By Wendell Hutson
The Chicago Urban League reached a fundraising goal Saturday with its 58th Annual Golden Fellowship Dinner at the Hilton Chicago that attracted nearly 1,500 people and raised almost $2 million.
By doing so, Barbara Lumpkin, interim president and CEO of the Chicago Urban League, said the nonprofit could continue providing community programs to the 15,000 youth and adults it services each year.
“Countless individuals both in and outside of this room answered the call to help us reach our goal,” said Lumpkin. “The proceeds from the gala go to support our many programs, such as housing, education, workforce development, youth programs, entrepreneurship, and so many more.”
The urban league presented three community awards at the gala to individuals who exemplified leadership, excellence and humanitarian.

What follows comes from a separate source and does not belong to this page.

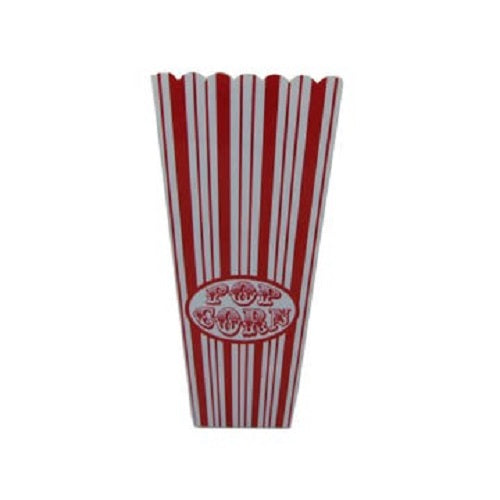 35 oz Red Striped Popcorn Bucket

Former White Senior Advisor (under President Barack Obama) Valerie Jarrett was awarded the Edwin C. “Bill” Berry Award given to those who show leadership through hard work, perseverance and creativity. The award is named for Bill Berry, a civil rights activist, who also served as executive director of the Chicago Urban League from 1956 to 1969.
While thanking the urban league for the award Jarrett said she was born the same year Berry became head of the urban league in 1956 and started her public service career the same year he died in 1987.
“I grew up knowing so well what an icon he was as an advocate for civil rights and equality, not just here in Chicago but throughout our country,” said Jarrett. “It is with great humility that I accept an award named after a man whom I believe to have been great.”
The newly created Humanitarian Award was presented to Frederick Waddell, a Chicago Urban League Board member and retired chairman of Northern Trust Bank, for his long-standing support of the organization.
And Melody Spann-Cooper, chairman of Midway Broadcasting Corporation, which owns WVON AM, received the Lester H. McKeever Jr., Individual Service Award. McKeever was a long-time certified public accountant and Chicago Urban League life director. The award in his honor recognizes an individual who embodies excellence through service and has demonstrated a strong commitment to improving the quality of life for blacks.
By year-end Lumpkin will step down as head of the urban league and make way for Gary, Ind., Mayor Karen Freeman-Wilson, who was chosen in September by the board of directors, as the organization’s next president and chief executive officer effective January 2020.
“It is my honor to stand on the shoulders of those who came before me,” said Freeman-Wilson. “I look forward to working with the Urban League team and the Chicago community to move on an agenda that is complementary to work that many of the organizations present are doing and to move together to get everyone to equal.”
Supporters of the gala included those from corporate, civic, faith and non-profit sectors as well as Mayor Lori Lightfoot, and community leaders like civil rights leader Timuel Black, who said since being founded in 1916 the Chicago Urban League has always worked hard to advance blacks.
“It is an organization I am most proud of because of the work they do on behalf of black folks,” said the 100-year-old South Side resident. “I have seen a lot during my time, some good and some bad, but I dare anyone to say something bad about the Chicago Urban League and say it with a ‘straight’ face because they would be lying to themselves.”
NBC5 Chicago anchors Michelle Relerford and Rob Stafford served will as masters of ceremonies, while East Lake Management & Development Corp. Founder, President and CEO Elzie Higginbottom and his wife Deborah, along with Illinois Tool Works Chairman and CEO E. Scott Santi and his wife Nancy, served as co-chairs for the gala.
And WVAZ radio personality Joe Soto introduced Grammy-award singer Chaka Khan, who performed live and received a standing ovation afterwards.
“What can you say about a Chaka Khan performance other than wow,” said Soto.